■ PROBLEM DESCRIPTION
Keep the text of the data exactly as it is and omit each picture from the copy.

Dataset items
-- -- --
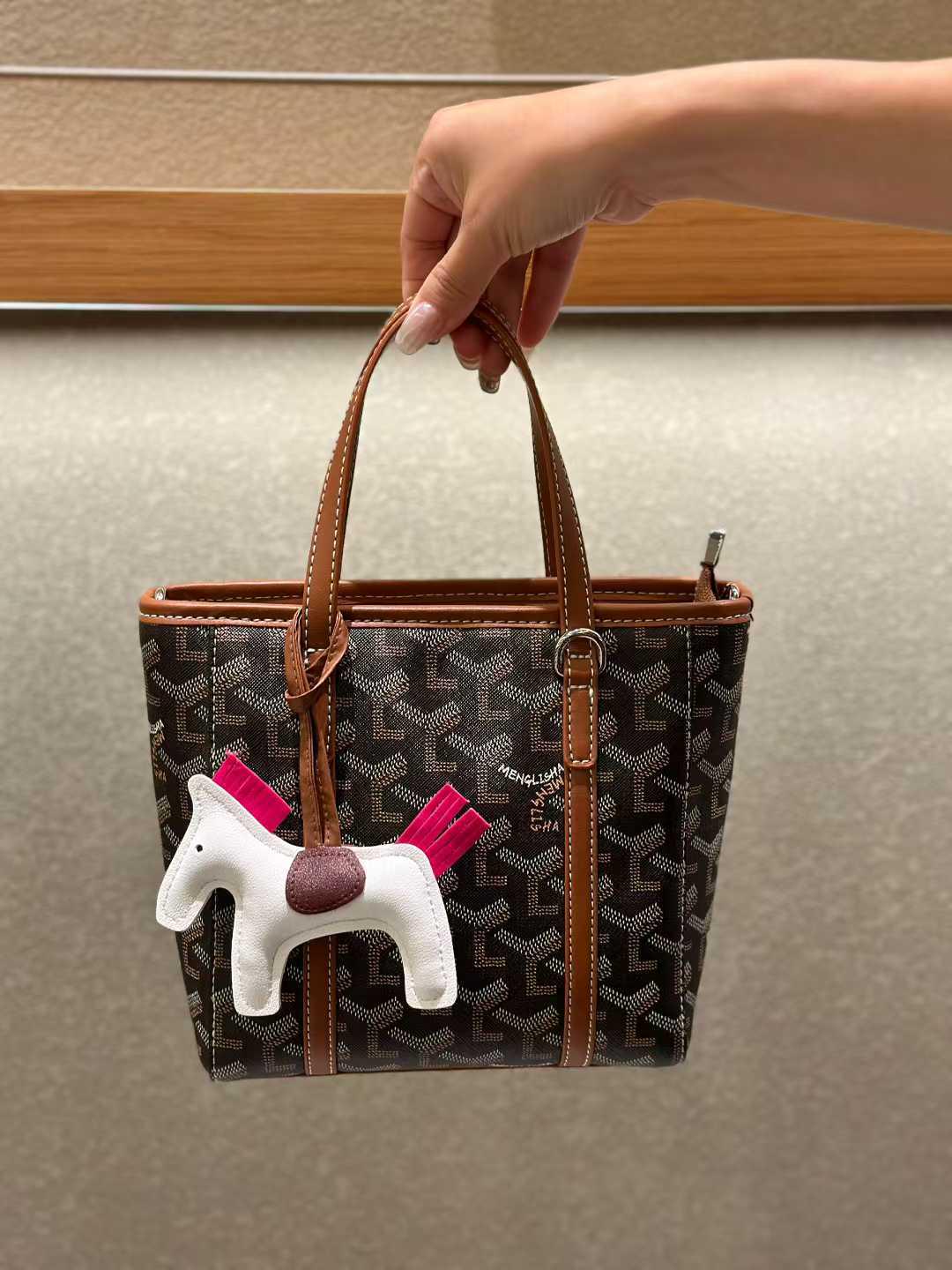 Универсальная женская сумка-тоут кроссбоди с ретро-принтом - Стильная и функциональная сумка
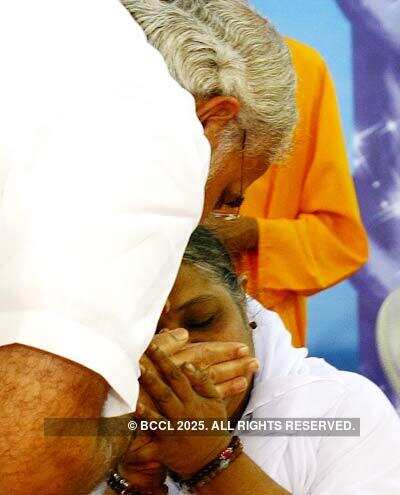 Amritanandamayi in city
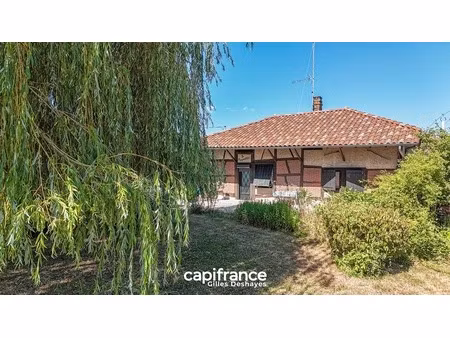 beaupont (01270)  maison bressane de plain-pied à colombages d’environ 94 m² habitables  s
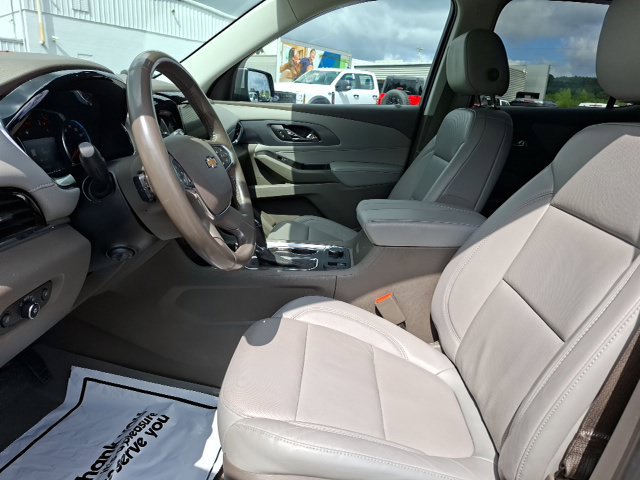 Used 2020 Chevrolet Traverse Premier FWD image 16
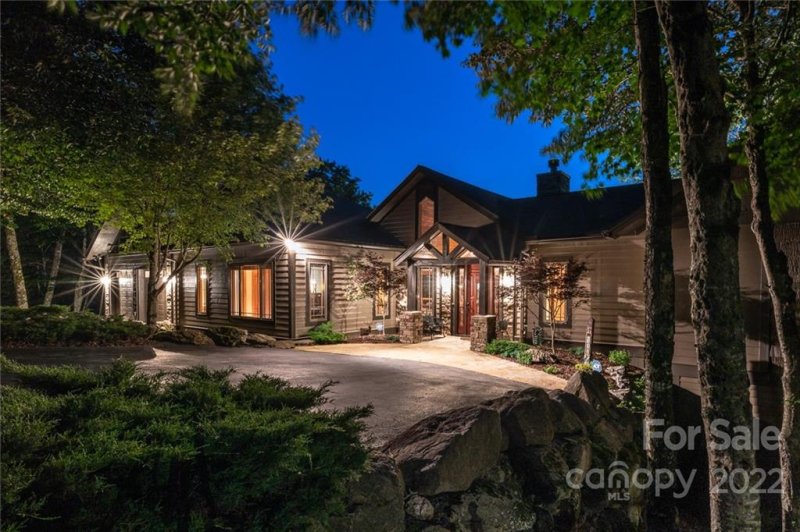 Property image 2 at 114 Raven Road, Beech Mountain, NC 28604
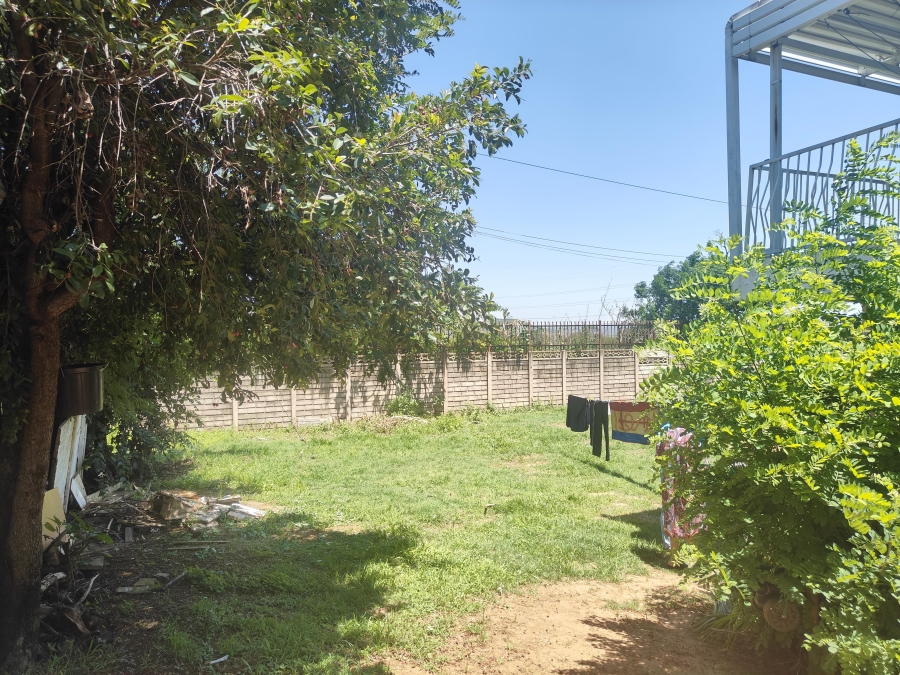 4 Bedroom Property for Sale in Laudium Gauteng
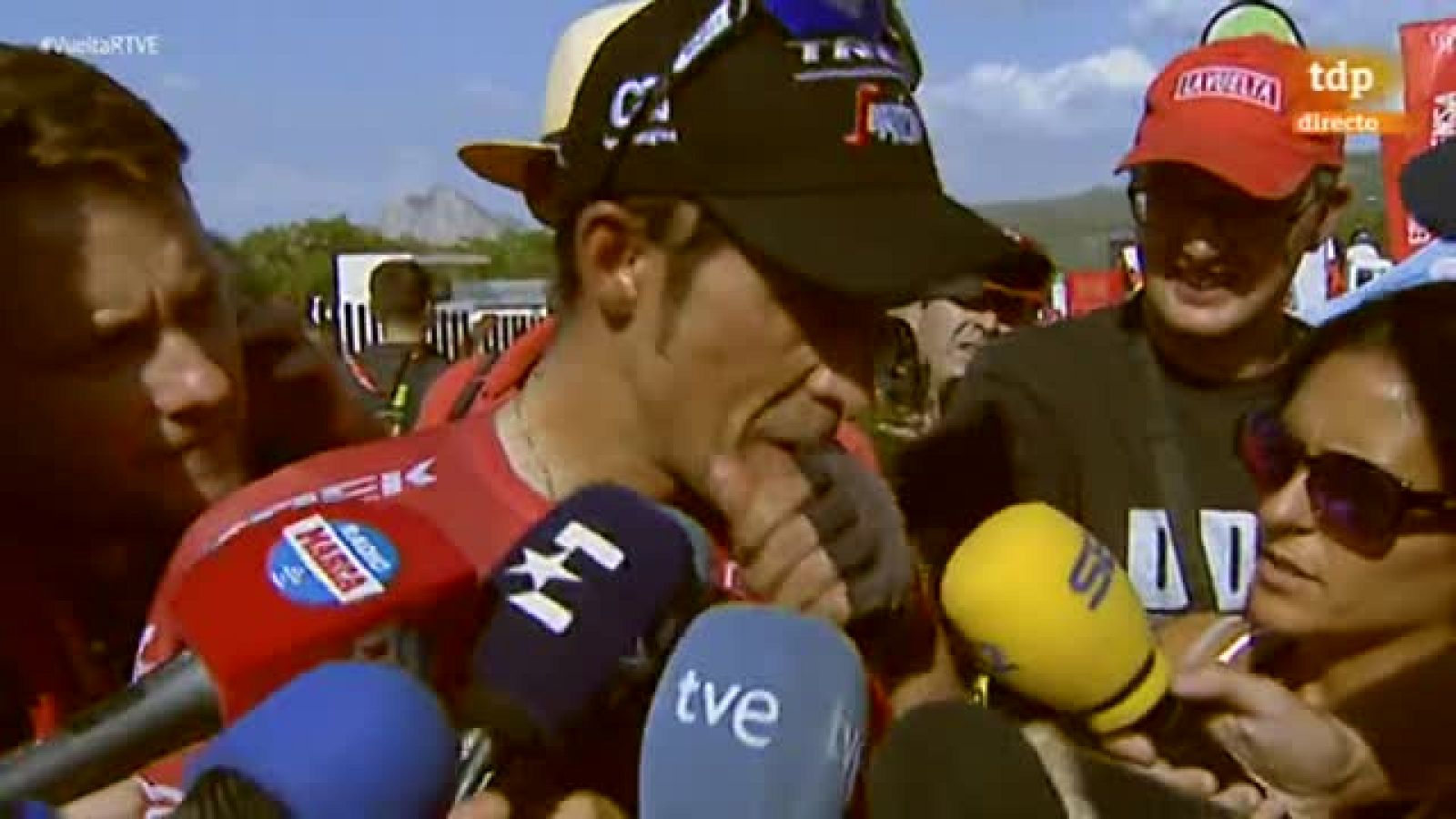 El español Alberto Contador (Trek Segafredo) se mostró muy satisfecho por los segundos que recortó a sus rivales más directos y dijo que el resultado es "un escenario mucho mejor del que se podía esperar en un día como hoy".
-- -- --
■ ANSWER TO THE EXERCISE
 Универсальная женская сумка-тоут кроссбоди с ретро-принтом - Стильная и функциональная сумка
 Amritanandamayi in city
 beaupont (01270)  maison bressane de plain-pied à colombages d’environ 94 m² habitables  s
 Used 2020 Chevrolet Traverse Premier FWD image 16
 Property image 2 at 114 Raven Road, Beech Mountain, NC 28604
 4 Bedroom Property for Sale in Laudium Gauteng
 El español Alberto Contador (Trek Segafredo) se mostró muy satisfecho por los segundos que recortó a sus rivales más directos y dijo que el resultado es "un escenario mucho mejor del que se podía esperar en un día como hoy".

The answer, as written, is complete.